Fortunately, XML's features make these incompatibilities less of a problem than when these attributes are expressed in compiled form. Because XML documents are human-readable and use standard character sets instead of binary encodings, it is simpler to create mapping layers to convert a document using one markup language (vocabulary) into a document marked up with a different, but related, set of tags. So, if my markup language uses the tags and , and your markup language uses and , it is a fairly simple matter to map one to the other. In fact, the eXtensible Stylesheet Language (XSL), a W3C specification related to XML, provides a mechanism for doing this mapping. Developers are even creating XSL-based transformation engines to actually carry out the conversions on the fly. All you need is a template that shows the mappings. The beauty of this is that you can map an unlimited number of other vocabularies into your own simply by creating a new XSL style sheet.

But is this really a good thing?
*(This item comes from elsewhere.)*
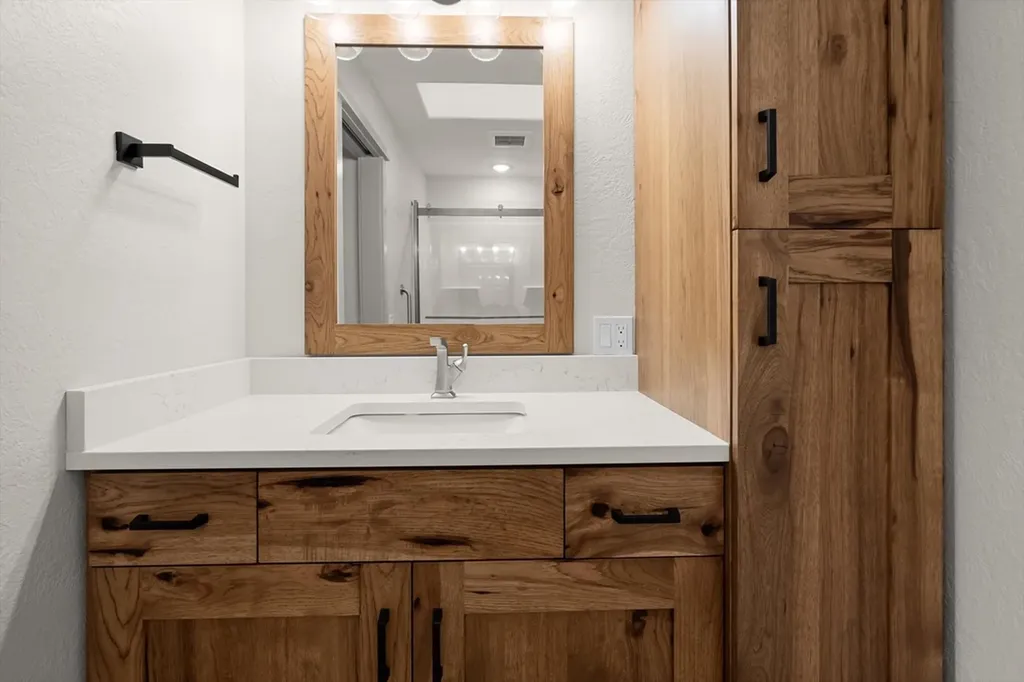 34105 Mud Lake Trail Polson MT 59860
Wouldn't it be better if everyone agreed on the same vocabulary? Universal uniformity would be ideal, but history teaches us that universal agreement on things like this is just a utopian dream. XML isn't Esperanto. It is not a common language meant to replace all others and be spoken by all. It is more like ASCII, whose character sets can be used to create text in many different languages. I can recognize all the characters, but I cannot speak all the languages. (Note that XML doesn't actually use ASCII, but Unicode, of which the common ASCII character set is a subset.)

So, what approach should you take?

In spite of the efforts of CommerceNet, Commerce One, Ariba, Microsoft and others, XML will never be used to create a universal business language. Accept the fact that everyone will take the approach that makes the most sense for them and use the tools that XML provides to cancel out the differences.
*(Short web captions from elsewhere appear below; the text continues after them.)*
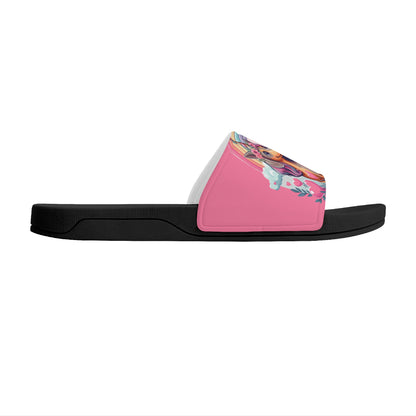 Cappy - Sandals
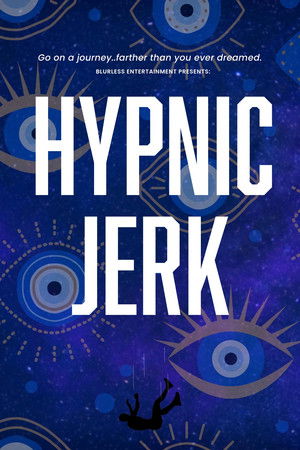 Hypnic Jerk Hypnic Jerk
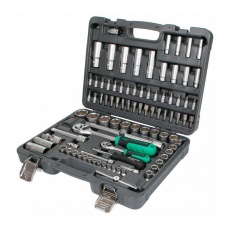 Придбати Наборы инструментов GARWIN GTK-0103094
This isn't to say that efforts at standardization are fruitless. There is a common good to having agreement on a core set of tags whenever possible. Industry groups in dozens of vertical sectors are working to come to agreement on industry vocabularies. To the extent they are successful, exchanging data and information will become far simpler than it has ever been. Efforts underway to map EDI messages to XML take advantage of pre-existing work in this direction. In the long run, we will likely see agreement on a common set of tags in applications where data must be frequently exchanged across enterprise boundaries, and less agreement where data is less frequently exchanged. But at least we will have a mechanism for easily handling those differences so that we can invest our time and resources in solving more difficult challenges -- like how to get duct tape off a wall.

Customers often ask whether they should just wait until all the efforts at defining vocabularies have settled down before adopting XML. My recommendation is generally not to wait, but to go ahead and do the work necessary to define your company's data schema. This effort is not unlike past data modeling efforts that were often shelved before they were completed -- but now there is one key difference. Defining an XML schema for business objects that are relevant to your business processes has a direct application. There are XML servers that can load those schemas and serve data that is structured using those schemas. There are also tools for building applications and exchanging data. Previously, the developed data model sat in binders on the shelf. Today, my XML schema is something I can use immediately.

As things evolve, industry vocabularies develop or as my business partners introduce vocabularies that differ from my own, I won't have a problem. Using XSL, I can easily map the work I have done to the work others have done. In fact, I can often simply replace my vocabulary with another. XML's simplicity approaches elegance in the sense that it is a simple solution to a complex problem.

The beauty of XML is that it is almost completely invisible. Tools will hide the XML syntax from the application developer, the database programmer, the Web designer and the end user. Unlike HTML, being able to write XML syntax by hand will not be the sign of a "real" Webmaster. Understanding how to apply XML and how to structure data hierarchically to best take advantage of XML will now be the sign of a clever application developer.